It would use a block of its own, I'd imagine. A large number of extensions added at once tends to get its own space somewhere in there, and it might not be continuous with the older block. If a few are added, they're added to the end, some some blocks end up being really piecemeal.

But getting Sagittal encoded in Unicode would be a hard sell right now, wouldn't it? It's going to have to become a widely-used notation before they'll consider including it. They don't even have Tartini-Couper or Arel-Ezgi accidentals encoded. They do have sharps, flats and accidentals with arrows attached, and sharps and flats with a 4-like attachment--but does anyone use these?

Unicode has ancient Greek musical notation, however. They're much more open to including ancient scripts.

~D.

🔗Herman Miller <hmiller@IO.COM>

4/1/2007 4:38:52 PM

Danny Wier wrote:

> It would use a block of its own, I'd imagine. A large number of extensions > added at once tends to get its own space somewhere in there, and it might > not be continuous with the older block. If a few are added, they're added to > the end, some some blocks end up being really piecemeal.
> > But getting Sagittal encoded in Unicode would be a hard sell right now, > wouldn't it? It's going to have to become a widely-used notation before > they'll consider including it. They don't even have Tartini-Couper or > Arel-Ezgi accidentals encoded. They do have sharps, flats and accidentals > with arrows attached, and sharps and flats with a 4-like attachment--but > does anyone use these?

It's strange that they picked such an obscure symbol for "quarter tone sharp" and "quarter tone flat", but a particular font could use a more familiar symbol for displaying those characters. I see they only have a single character for the quarter note rest, which is shown as the zigzag version in the chart, but there's another quarter note rest that's still occasionally seen (which looks like an eighth rest combined with a 180-degree rotated eighth rest, or roughly the letter Z), but it doesn't have a Unicode character assigned to it. So they might be considering all the different quarter tone symbols as glyph variants representing the same abstract "character".

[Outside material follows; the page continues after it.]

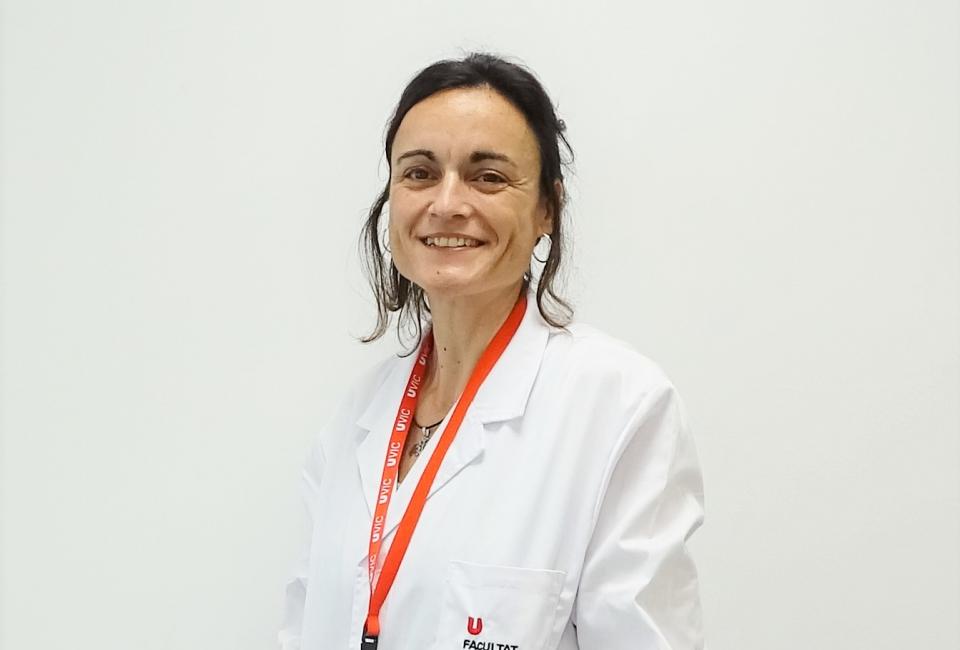 La Dra. Esther Dalfó, una de las investigadoras de la Facultad de Medicina más citadas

Now, one interesting thing is that they have ornamentation characters that combine to form the different Baroque ornaments (1D19B-1D1A5). A similar thing could be done for Sagittal by having characters for the individual flags (up and down versions for each), which could be combined to form a single Sagittal symbol. New symbols from existing flags could be created without changing the Unicode definition. But a drawback of that is that the font rendering engine would have to support ligatures in the Musical Symbols block, which I guess probably isn't very high on the priority list at either Microsoft or Apple.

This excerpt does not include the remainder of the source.